Mirror raw data from any source to a destination using BypassPipeline.

BypassPipeline applies zero transformation — every packet that comes out of the Connector is written directly to the Loader exactly as received.

Flow ──── Connector → Loader (no intermediate stages)

Use cases ───────── - Raw file backup / archiving (PDFs, images, binaries as-is) - Database record migration with no schema change - Log shipping to cold storage - Staging: collect raw data first, process later

Comparison with TransferPipeline ───────────────────────────────── TransferPipeline optionally runs data through RefineryPipeline. BypassPipeline makes no such option available — fidelity to the original payload is the only goal.

Python
from sayou.core.schemas import SayouPacket

from sayou.brain.pipelines.bypass import BypassPipeline

Sample Packets

In production these come from ConnectorPipeline. Each SayouPacket carries the raw payload and metadata.

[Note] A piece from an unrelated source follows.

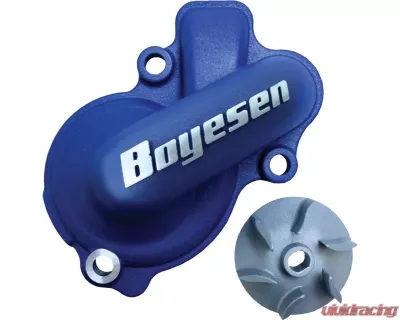 Boyesen Waterpump Cover & Impeller Kit Blue Yamaha YZ250X | YZ250 1999-2020 - WPK-32AL
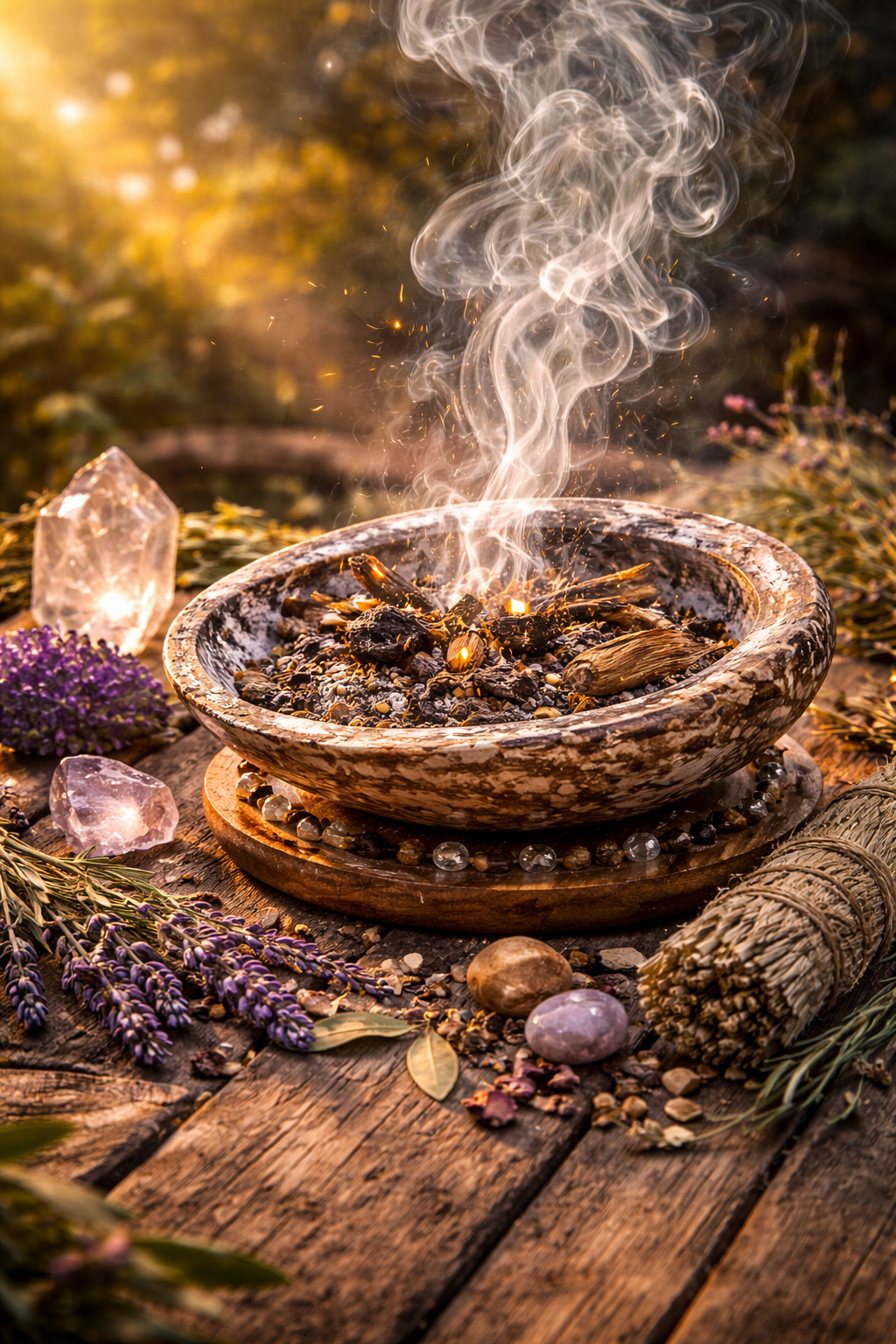 Räucherschale zur energetischen Reinigung und zum Lösen von Fremdenergien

meta["filename"] drives output path resolution when destination is a directory.

Python
raw_packets = [
    SayouPacket(
        data=b"%PDF-1.4 ... binary content ...",
        success=True,
        meta={"filename": "report_q1.pdf"},
    ),
    SayouPacket(
        data=b"\x89PNG\r\n binary image", success=True, meta={"filename": "diagram.png"}
    ),
    SayouPacket(
        data=b'{"records": [1, 2, 3]}', success=True, meta={"filename": "export.json"}
    ),
    SayouPacket(
        data=None,
        success=False,
        error="Connection timeout",
        meta={"filename": "missing.csv"},
    ),
]

Basic Bypass

Each successful packet is written verbatim to the destination directory.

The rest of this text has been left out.